Combination with progressive myoclonus with dementia (dementia, myoclonic) is observed most frequently in the three diseases – Alzheimer’s disease, Huntington’s disease and Creutzfeldt – Jakob disease.
Epileptic myoclonia can be generalized and focal. From a nosological point of view it may be a manifestation of primary (idiopathic) or cryptogenic and symptomatic myoclonic epilepsy.

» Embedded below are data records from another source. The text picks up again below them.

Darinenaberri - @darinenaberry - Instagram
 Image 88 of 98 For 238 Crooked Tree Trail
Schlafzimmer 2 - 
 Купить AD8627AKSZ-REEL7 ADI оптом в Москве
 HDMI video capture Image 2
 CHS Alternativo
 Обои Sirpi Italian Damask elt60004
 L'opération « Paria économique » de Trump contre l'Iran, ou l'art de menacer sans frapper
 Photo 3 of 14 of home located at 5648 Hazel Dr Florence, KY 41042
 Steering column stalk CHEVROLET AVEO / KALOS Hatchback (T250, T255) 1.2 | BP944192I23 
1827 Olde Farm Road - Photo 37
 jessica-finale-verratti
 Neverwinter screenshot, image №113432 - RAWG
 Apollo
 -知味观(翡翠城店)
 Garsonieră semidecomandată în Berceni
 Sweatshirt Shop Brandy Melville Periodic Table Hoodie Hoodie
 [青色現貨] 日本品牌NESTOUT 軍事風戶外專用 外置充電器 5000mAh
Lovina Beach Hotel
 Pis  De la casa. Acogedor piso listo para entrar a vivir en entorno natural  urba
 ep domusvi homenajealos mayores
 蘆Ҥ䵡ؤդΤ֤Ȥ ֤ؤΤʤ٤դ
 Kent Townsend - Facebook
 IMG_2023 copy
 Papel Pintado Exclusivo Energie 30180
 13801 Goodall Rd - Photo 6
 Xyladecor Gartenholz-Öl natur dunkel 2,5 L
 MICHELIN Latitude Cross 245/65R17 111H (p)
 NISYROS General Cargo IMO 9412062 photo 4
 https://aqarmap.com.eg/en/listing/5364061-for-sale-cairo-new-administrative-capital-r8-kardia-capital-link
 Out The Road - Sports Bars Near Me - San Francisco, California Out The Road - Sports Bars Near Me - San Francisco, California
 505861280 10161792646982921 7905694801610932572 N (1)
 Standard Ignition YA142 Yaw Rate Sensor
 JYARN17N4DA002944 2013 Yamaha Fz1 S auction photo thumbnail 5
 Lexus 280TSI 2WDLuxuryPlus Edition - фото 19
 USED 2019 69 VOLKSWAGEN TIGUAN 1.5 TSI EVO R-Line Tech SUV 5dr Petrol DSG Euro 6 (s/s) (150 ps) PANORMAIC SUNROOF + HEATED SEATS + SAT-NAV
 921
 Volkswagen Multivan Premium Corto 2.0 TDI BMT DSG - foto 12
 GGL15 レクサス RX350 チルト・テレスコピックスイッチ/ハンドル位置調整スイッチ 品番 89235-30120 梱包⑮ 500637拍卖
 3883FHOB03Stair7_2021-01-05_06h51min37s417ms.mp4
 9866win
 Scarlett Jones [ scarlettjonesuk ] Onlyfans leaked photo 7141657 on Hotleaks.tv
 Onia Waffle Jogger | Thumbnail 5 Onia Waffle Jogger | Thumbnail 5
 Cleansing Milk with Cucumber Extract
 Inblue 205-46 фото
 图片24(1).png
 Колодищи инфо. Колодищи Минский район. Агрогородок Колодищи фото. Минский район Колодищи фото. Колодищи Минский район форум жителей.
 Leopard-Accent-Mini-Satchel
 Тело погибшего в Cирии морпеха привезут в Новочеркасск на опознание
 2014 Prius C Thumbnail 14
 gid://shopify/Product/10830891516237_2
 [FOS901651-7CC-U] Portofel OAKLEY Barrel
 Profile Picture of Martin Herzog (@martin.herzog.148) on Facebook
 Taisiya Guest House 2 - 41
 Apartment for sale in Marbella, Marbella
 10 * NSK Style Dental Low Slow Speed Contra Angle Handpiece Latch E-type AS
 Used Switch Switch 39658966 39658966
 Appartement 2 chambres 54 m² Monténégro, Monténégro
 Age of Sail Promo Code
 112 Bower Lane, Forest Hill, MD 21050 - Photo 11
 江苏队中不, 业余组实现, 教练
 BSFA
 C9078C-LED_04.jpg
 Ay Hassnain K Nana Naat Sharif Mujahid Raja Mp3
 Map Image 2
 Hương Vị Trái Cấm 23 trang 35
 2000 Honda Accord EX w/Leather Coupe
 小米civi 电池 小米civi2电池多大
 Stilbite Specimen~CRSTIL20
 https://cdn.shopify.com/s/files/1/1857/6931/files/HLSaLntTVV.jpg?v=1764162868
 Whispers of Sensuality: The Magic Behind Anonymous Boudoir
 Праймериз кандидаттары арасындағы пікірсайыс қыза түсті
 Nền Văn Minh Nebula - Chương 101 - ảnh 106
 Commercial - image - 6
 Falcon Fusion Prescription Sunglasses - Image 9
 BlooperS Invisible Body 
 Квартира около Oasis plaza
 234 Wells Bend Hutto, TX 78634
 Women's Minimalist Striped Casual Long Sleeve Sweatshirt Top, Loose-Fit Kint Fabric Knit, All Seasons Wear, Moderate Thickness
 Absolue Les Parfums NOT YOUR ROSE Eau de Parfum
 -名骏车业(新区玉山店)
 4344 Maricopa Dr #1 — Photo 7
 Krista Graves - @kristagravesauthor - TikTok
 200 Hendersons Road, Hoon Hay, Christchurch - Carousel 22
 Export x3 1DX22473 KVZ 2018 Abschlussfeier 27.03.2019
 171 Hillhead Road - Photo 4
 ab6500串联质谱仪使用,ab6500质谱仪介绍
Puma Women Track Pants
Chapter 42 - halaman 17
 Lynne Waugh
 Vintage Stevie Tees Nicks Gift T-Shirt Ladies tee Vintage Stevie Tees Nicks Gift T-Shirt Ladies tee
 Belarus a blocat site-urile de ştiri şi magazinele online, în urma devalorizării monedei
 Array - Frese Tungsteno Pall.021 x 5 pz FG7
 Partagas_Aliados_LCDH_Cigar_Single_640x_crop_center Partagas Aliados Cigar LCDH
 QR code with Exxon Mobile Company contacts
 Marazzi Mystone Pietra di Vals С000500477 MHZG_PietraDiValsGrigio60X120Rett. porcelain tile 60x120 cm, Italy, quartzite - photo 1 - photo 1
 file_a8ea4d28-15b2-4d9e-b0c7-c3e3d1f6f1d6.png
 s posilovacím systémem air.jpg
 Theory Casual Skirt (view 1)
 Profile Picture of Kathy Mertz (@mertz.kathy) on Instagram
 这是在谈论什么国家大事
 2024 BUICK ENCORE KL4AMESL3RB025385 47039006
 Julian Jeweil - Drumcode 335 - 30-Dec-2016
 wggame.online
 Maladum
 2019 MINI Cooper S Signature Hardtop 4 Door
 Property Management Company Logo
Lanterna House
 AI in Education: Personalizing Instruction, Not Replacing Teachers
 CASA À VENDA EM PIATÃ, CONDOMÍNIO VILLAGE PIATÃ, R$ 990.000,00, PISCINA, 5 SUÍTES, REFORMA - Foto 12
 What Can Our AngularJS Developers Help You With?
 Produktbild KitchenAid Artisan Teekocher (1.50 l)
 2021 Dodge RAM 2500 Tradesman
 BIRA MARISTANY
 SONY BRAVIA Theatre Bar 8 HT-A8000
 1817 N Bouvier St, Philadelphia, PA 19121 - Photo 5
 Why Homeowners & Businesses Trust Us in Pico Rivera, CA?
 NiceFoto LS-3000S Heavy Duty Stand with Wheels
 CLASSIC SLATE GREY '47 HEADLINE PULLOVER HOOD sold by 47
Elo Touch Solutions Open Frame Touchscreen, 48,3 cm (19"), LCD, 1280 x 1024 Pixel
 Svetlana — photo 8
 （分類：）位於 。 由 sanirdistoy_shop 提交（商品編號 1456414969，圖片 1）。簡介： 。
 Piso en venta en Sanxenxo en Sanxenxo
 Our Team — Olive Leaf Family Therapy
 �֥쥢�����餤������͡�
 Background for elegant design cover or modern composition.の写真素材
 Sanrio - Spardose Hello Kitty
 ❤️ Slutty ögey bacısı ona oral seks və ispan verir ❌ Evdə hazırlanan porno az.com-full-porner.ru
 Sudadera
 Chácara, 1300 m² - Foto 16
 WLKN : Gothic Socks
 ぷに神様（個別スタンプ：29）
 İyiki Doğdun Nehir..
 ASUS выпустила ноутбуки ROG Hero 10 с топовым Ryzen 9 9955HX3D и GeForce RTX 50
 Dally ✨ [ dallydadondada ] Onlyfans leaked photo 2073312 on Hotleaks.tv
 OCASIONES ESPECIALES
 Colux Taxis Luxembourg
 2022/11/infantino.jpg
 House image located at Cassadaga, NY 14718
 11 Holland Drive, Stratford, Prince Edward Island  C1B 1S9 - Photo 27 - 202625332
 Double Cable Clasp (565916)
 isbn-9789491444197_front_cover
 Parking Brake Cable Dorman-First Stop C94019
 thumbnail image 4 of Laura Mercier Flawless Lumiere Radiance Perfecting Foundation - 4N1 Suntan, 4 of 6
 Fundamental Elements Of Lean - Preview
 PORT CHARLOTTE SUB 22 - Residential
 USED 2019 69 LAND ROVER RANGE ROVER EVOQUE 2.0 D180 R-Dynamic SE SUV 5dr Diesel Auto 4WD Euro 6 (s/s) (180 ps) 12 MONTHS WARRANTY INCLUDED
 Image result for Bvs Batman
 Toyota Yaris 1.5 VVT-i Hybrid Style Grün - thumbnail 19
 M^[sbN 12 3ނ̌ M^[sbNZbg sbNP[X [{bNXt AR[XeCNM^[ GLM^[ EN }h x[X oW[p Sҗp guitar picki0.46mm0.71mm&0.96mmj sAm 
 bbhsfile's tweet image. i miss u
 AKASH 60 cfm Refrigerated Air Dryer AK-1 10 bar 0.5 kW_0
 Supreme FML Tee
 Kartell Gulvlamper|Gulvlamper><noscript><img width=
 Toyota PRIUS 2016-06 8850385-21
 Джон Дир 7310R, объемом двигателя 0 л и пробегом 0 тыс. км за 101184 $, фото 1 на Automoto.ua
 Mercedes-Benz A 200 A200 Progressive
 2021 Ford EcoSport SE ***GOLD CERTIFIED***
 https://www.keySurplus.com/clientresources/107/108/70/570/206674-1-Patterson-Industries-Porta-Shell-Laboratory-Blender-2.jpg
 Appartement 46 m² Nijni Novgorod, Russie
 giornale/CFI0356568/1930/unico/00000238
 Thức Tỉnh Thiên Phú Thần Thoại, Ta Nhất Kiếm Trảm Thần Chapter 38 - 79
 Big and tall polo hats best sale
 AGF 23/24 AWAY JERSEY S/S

Juvenile myoclonic epilepsy – a generalized hereditary epilepsy, the main manifestation of which is myoclonic seizures. The disease usually manifests in adolescence (12-18 years). Sudden myoclonic jerks sweeping often arise in the morning, often after awakening. Myoclonus is usually bilateral, more pronounced in the hands and can be of different amplitude – from subtle to dramatic jerky movements. Often, patients during the breakfast dishes from the table upset. In 80% of cases are reported as generalized tonic-clonic seizures, sometimes occurring after a short series of myoclonic jerks. Sometimes patients have a third type of seizures – absence seizures. Focal neurological symptoms and mental disorders are absent. Seizures triggered by emotion, sudden external stimulus, alcohol, insomnia, photostimulation. EEG reveals bilateral symmetric complexes of multiple-peak wave or slow waves. In the interictal period of EEG may be normal.
Treatment. Valproic acid preparations (Sinemet) effective nearly 90% of patients, but they have to take life. In case of intolerance of valproic acid can assign lamotrigine (lamiktala). Sometimes, mild myoclonus unnoticed, and attention is drawn only tonikoklonicheskie seizures, leading to inadequate treatment of other anticonvulsants.